Johnson is running for governor as an unaffiliated candidate, which means she skipped the primary election and instead needs to qualify via signature-gathering.

PORTLAND, Ore. — Unaffiliated candidate Betsy Johnson turned in tens of thousands of signatures to the Oregon Secretary of State's office Tuesday afternoon, aiming to make her bid for Oregon governor official and appear on the November ballot alongside Democrat Tina Kotek and Republican Christine Drazan.

Major party candidates for Oregon governor compete in primary elections to secure their party's nomination for the general election, but candidates who are not affiliated with any party can also appear on the November ballot if they gather enough voter signatures.

Under Oregon law, the requisite number of signatures is equal to 1% of the number of votes cast in the most recent presidential election in the state, which in this case is 23,744.

In a Monday press release, Johnson's campaign said that she would deliver "well over" that number to the Secretary of State's office the next day.

RELATED: Top Oregon gubernatorial candidates meet for first debate

Just after noon Tuesday, Johnson briefly addressed media and campaign staff gathered on the steps of the Oregon Capitol before heading inside, followed by several staffers pushing hand trucks loaded with boxes of signature forms.

In a subsequent press release, her campaign said it had turned in 48,214 signatures, more than twice the requisite amount. The signatures must be verified by the office's elections division by Aug. 30 for Johnson to qualify.

Johnson announced her candidacy last fall and has been running a technically unofficial but nonetheless full bore campaign this year, including major fundraising, frequent public appearances and a slew of online and TV adds.

It was widely expected that she would be able to meet the signature threshold, and the race for governor has been consistently described as a three-way contest following Kotek's and Drazan's primary election victories even though Johnson has not yet formally qualified.

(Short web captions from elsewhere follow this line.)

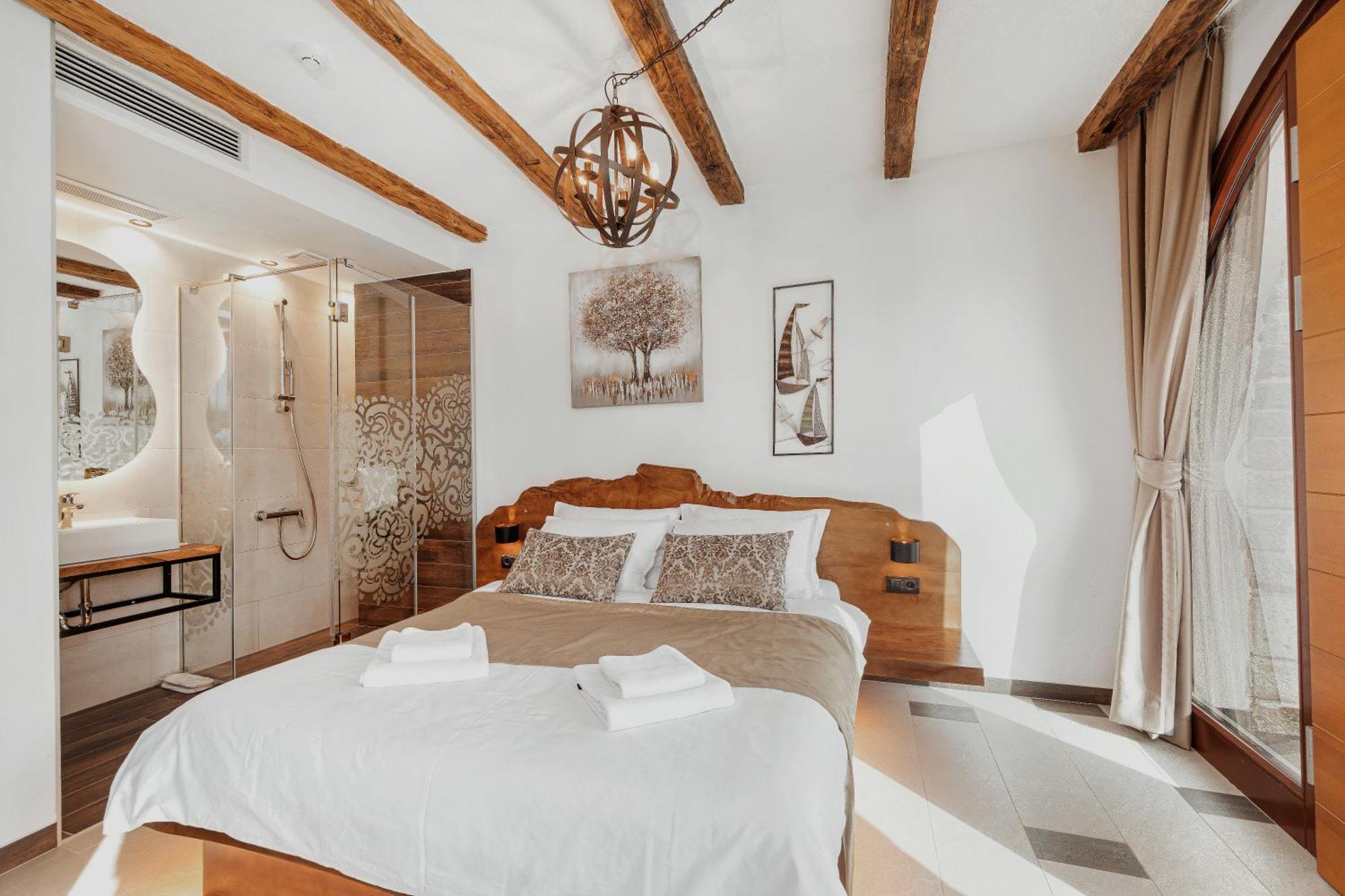 Toplik Village Resort Lukavica Exterior photo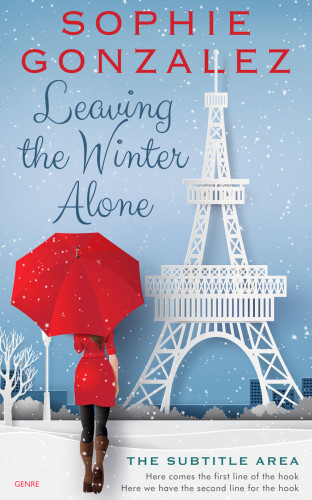 3D mockup of Pigeon Post #4832 - Premade Romance Book Cover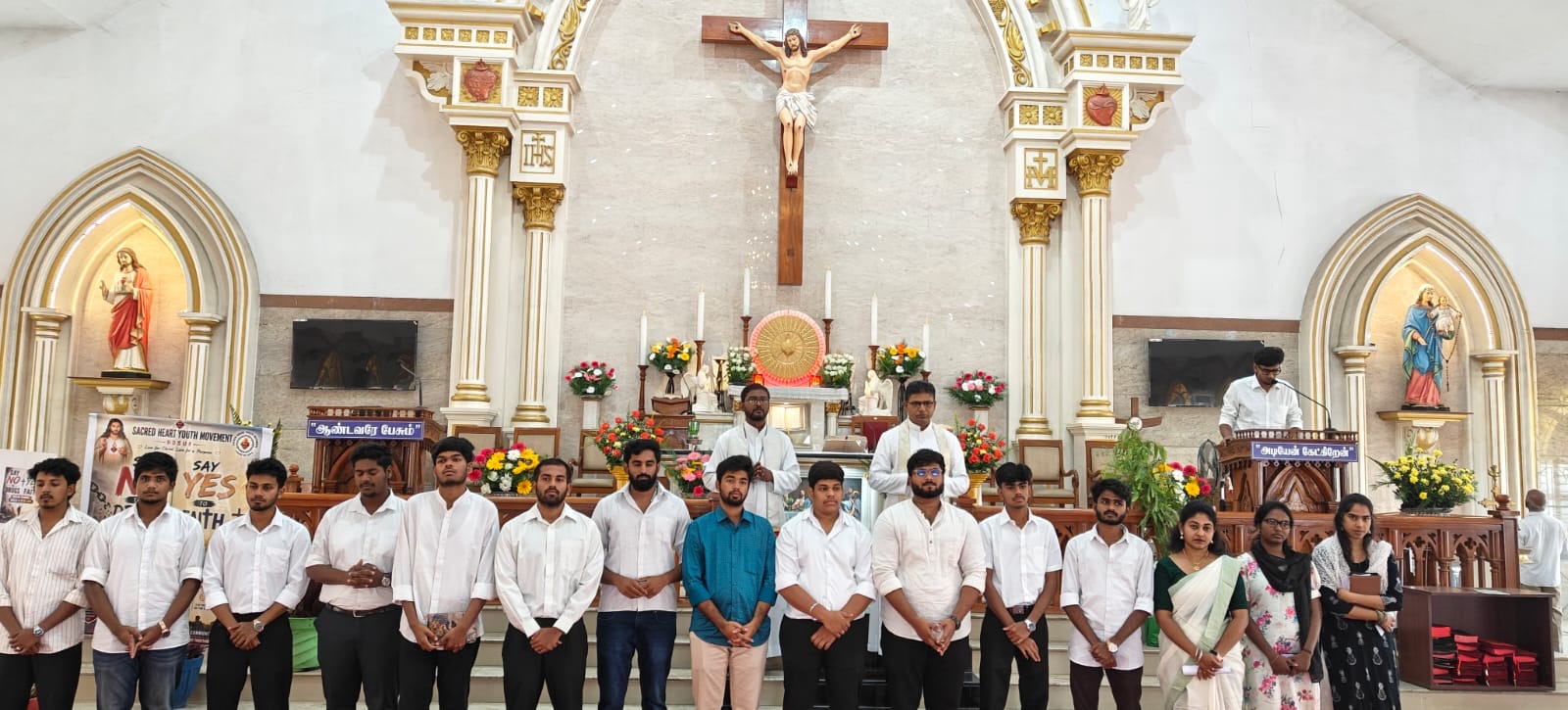 Youth Sunday, 2 August 2026 – photo 2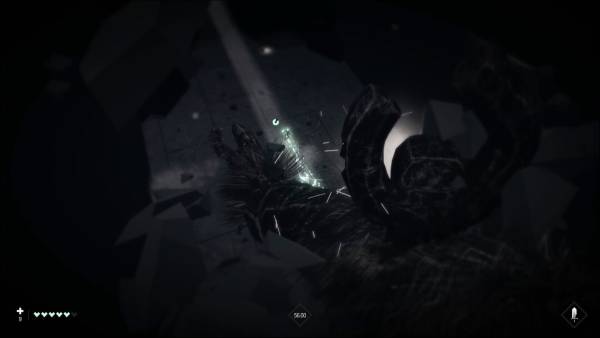 Light Odyssey screenshot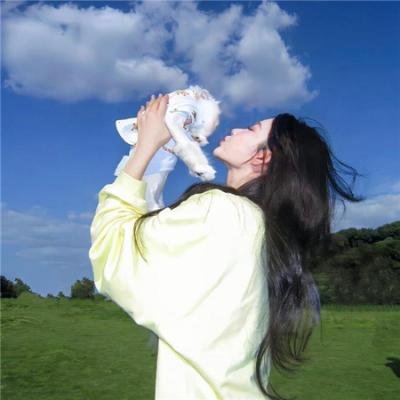 我们生活愉快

RELATED: A 'potential' candidate? What Betsy Johnson still needs to qualify for the ballot and why that matters

Johnson previously served in the Oregon State Senate as a Democrat, but chose to take the nonaffiliated route in her run for governor, seeking to position herself as a centrist alternative to what she has characterized as the "extreme" positions of the two major political parties.

Her campaign has attracted significant financial support, raising more than $7 million this year including large individual donations from big names in Oregon's business world like Nike co-founder Phil Knight and heavy equipment company The Pape Group.

Tina Kotek previously served as Oregon House Speaker and Christine Drazan served as Oregon House Minority Leader. All three candidates resigned from their legislative positions last year or earlier this year to focus on their campaigns for governor.